Data supplied:
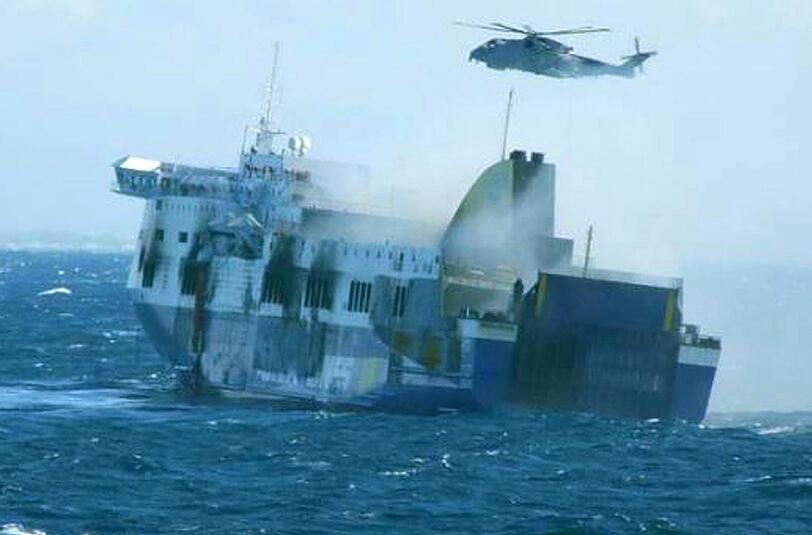 Beim Abschleppen der havarierten Adria-Fähre "Norman Atlantic" sind zwei albanische Seemänner ums Leben gekommen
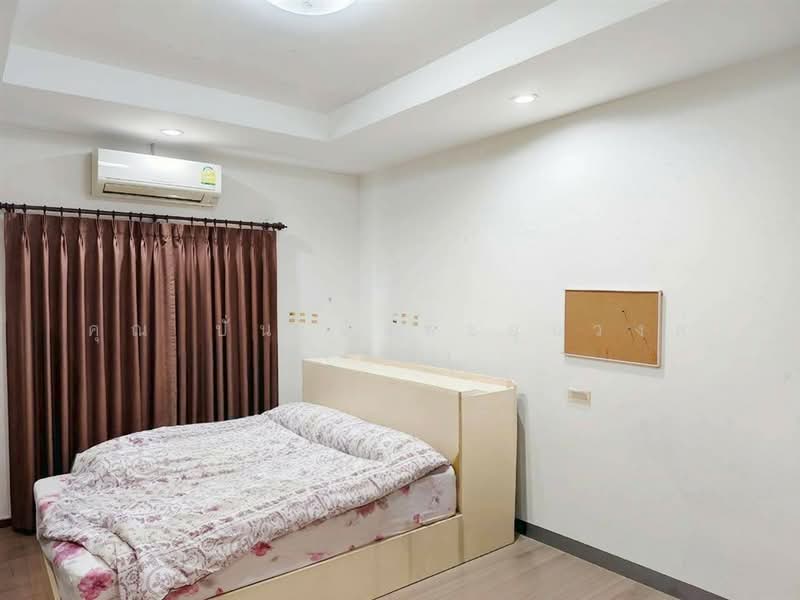 บ้านเดี่ยว 2 ชั้น 100 ตร.ว. บ้านเดี่ยว ใกล้โรงเรียนเอกบูรพา วิเทศศึกษา ซอยสามวา17, Bangkok, ถนนรามอินทรา, Bang Chun, Khlong Sam Wa, Bangkok, 4 Bedrooms, 400 sqm, Single Detached House For Sale, by คุณ ปั่น อินทะอุ่นวงศ์ (ปั่น), 500256232 - DDproperty.com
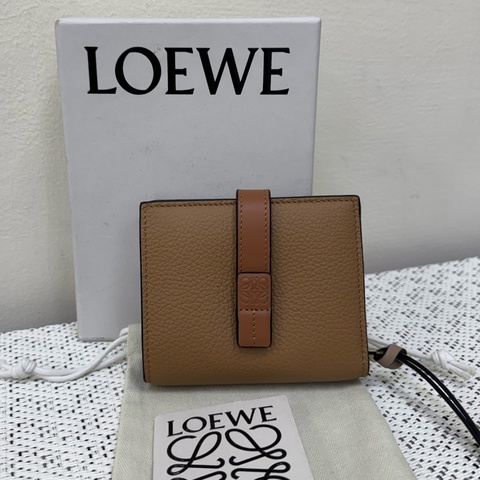 Loewe焦糖棕釦短夾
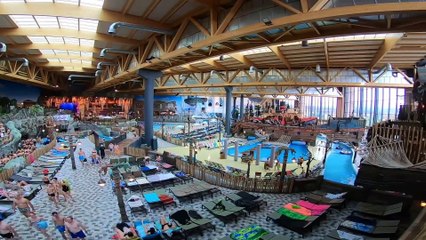 INCROYABLE PARC AQUATIQUE EN FAMILLE !!! (on teste Rulantica)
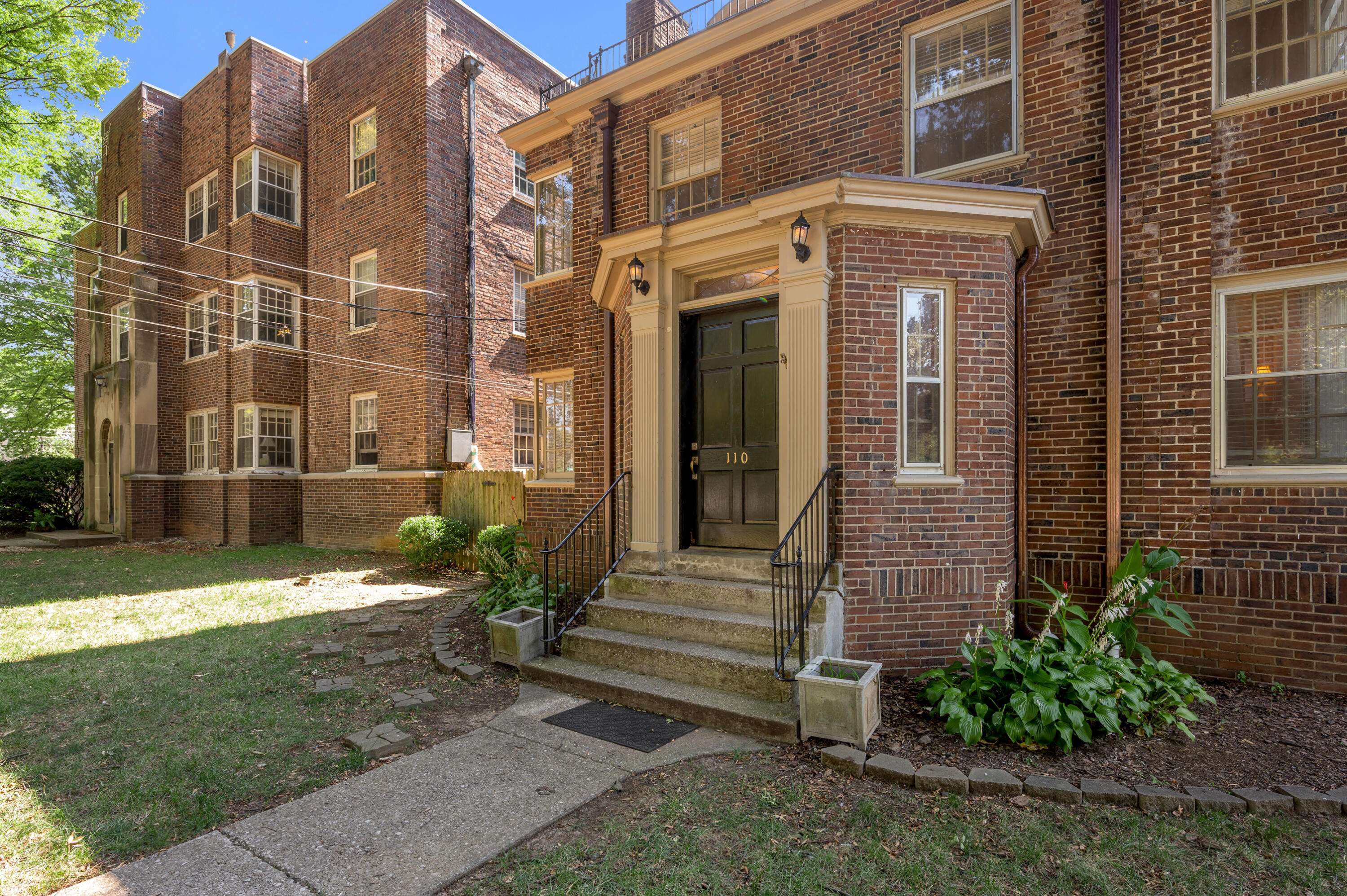 Lexington, KY 40502,110-112 S Hanover Avenue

Work request:
Please print the line that contains "Loewe焦糖棕釦短夾" along with every later line of the material, exactly, through the last one. Leave pictures out of the copy.

Output for this task:
 Loewe焦糖棕釦短夾
 INCROYABLE PARC AQUATIQUE EN FAMILLE !!! (on teste Rulantica)
 Lexington, KY 40502,110-112 S Hanover Avenue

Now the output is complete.